__Task description__
For the records below, please print exactly and only the lines from the one with "Колие с фасетиран рубин" down to the one with "Gratis rode wandkastjes", both ends included, omitting the pictures.

__Excerpted data__
---

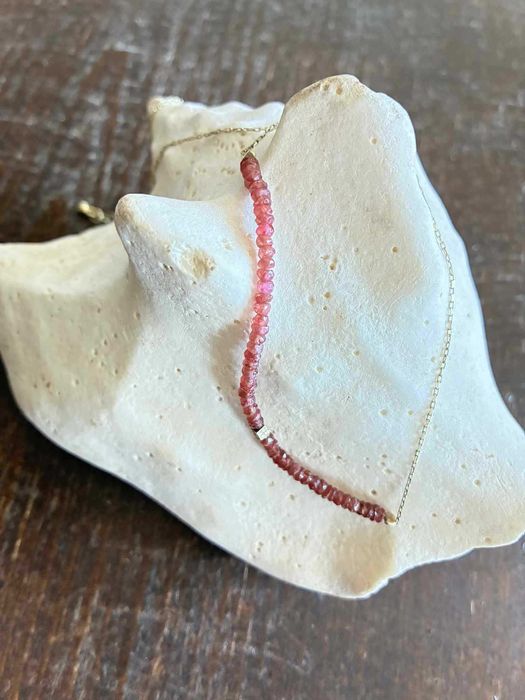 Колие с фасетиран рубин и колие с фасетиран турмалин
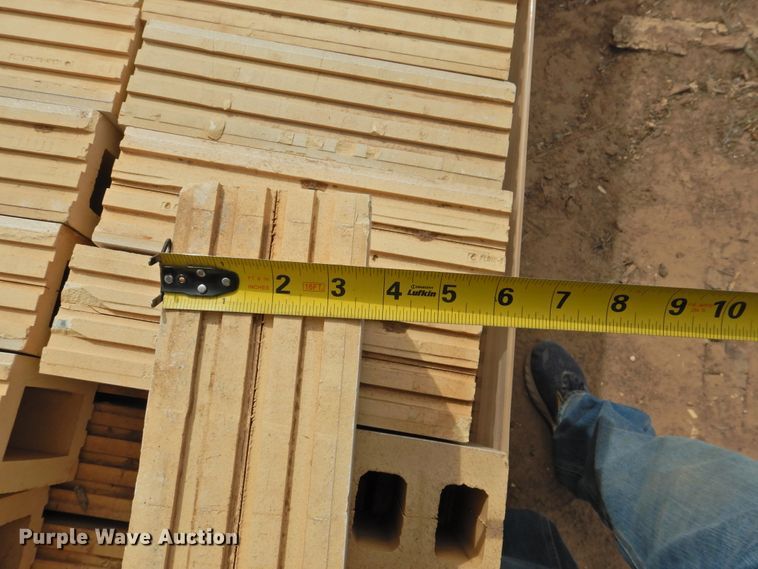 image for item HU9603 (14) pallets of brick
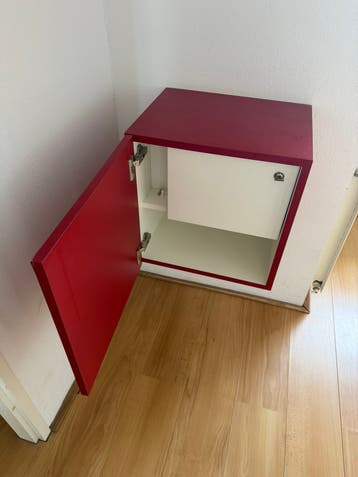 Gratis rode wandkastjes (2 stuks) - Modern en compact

---

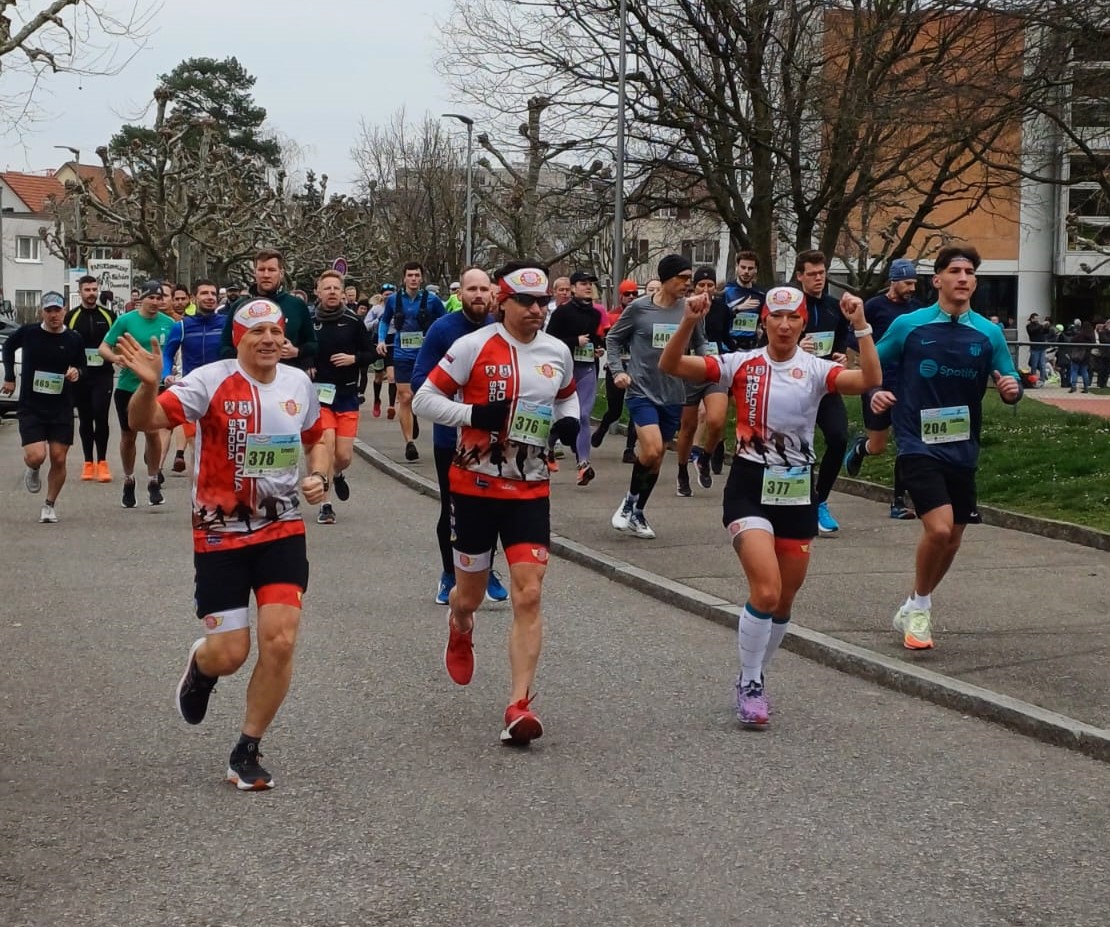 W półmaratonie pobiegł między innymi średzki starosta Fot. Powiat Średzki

---

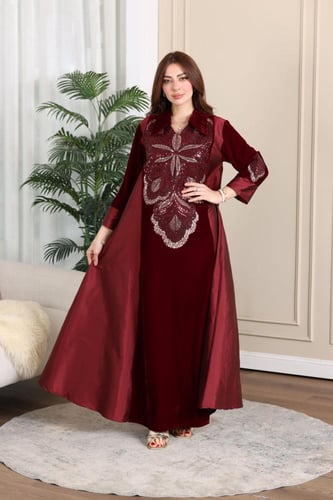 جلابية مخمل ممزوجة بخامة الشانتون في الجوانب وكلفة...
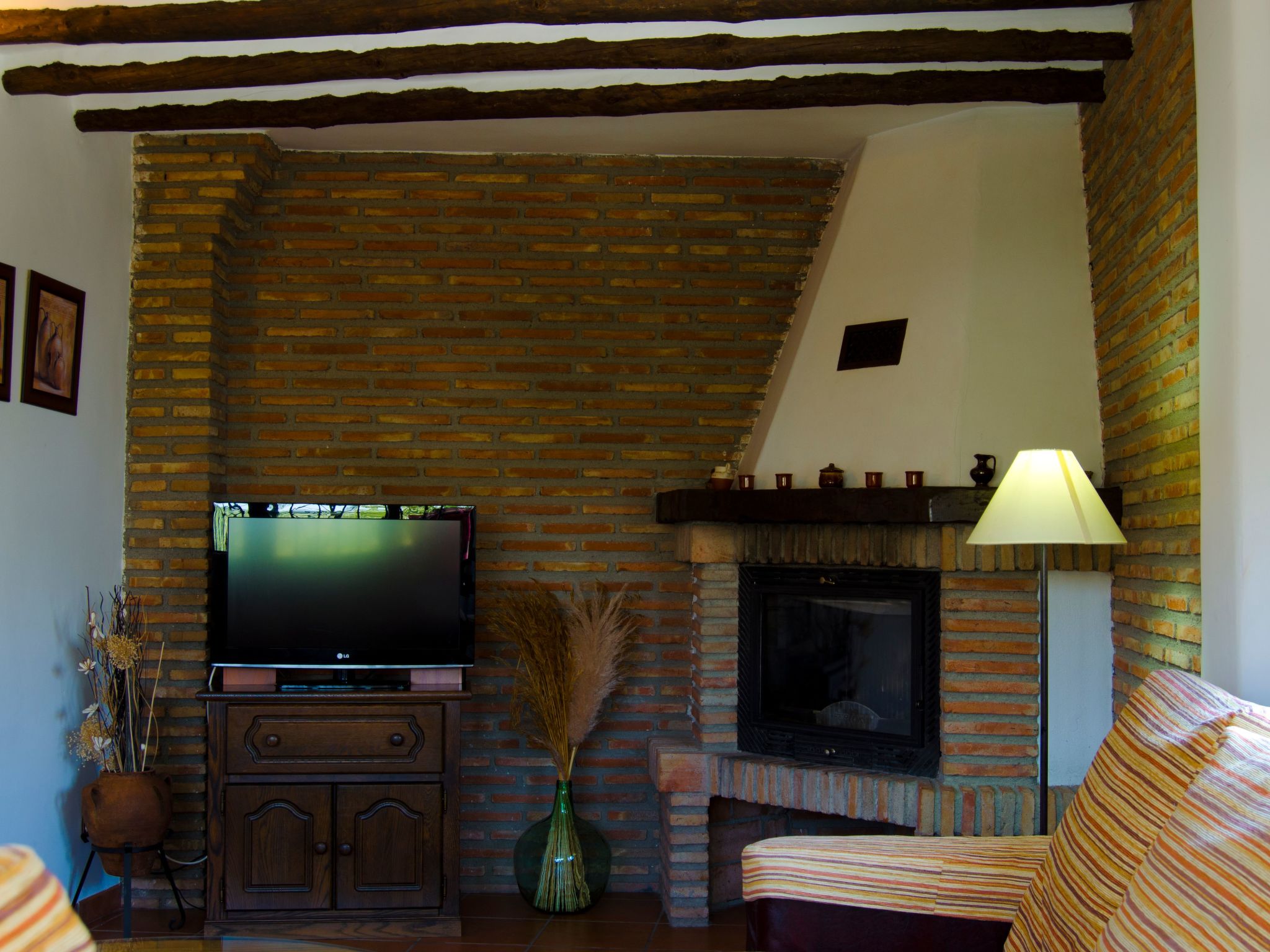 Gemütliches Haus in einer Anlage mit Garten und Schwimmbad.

---

__Solution for this task__
 Колие с фасетиран рубин и колие с фасетиран турмалин
 image for item HU9603 (14) pallets of brick
 Gratis rode wandkastjes (2 stuks) - Modern en compact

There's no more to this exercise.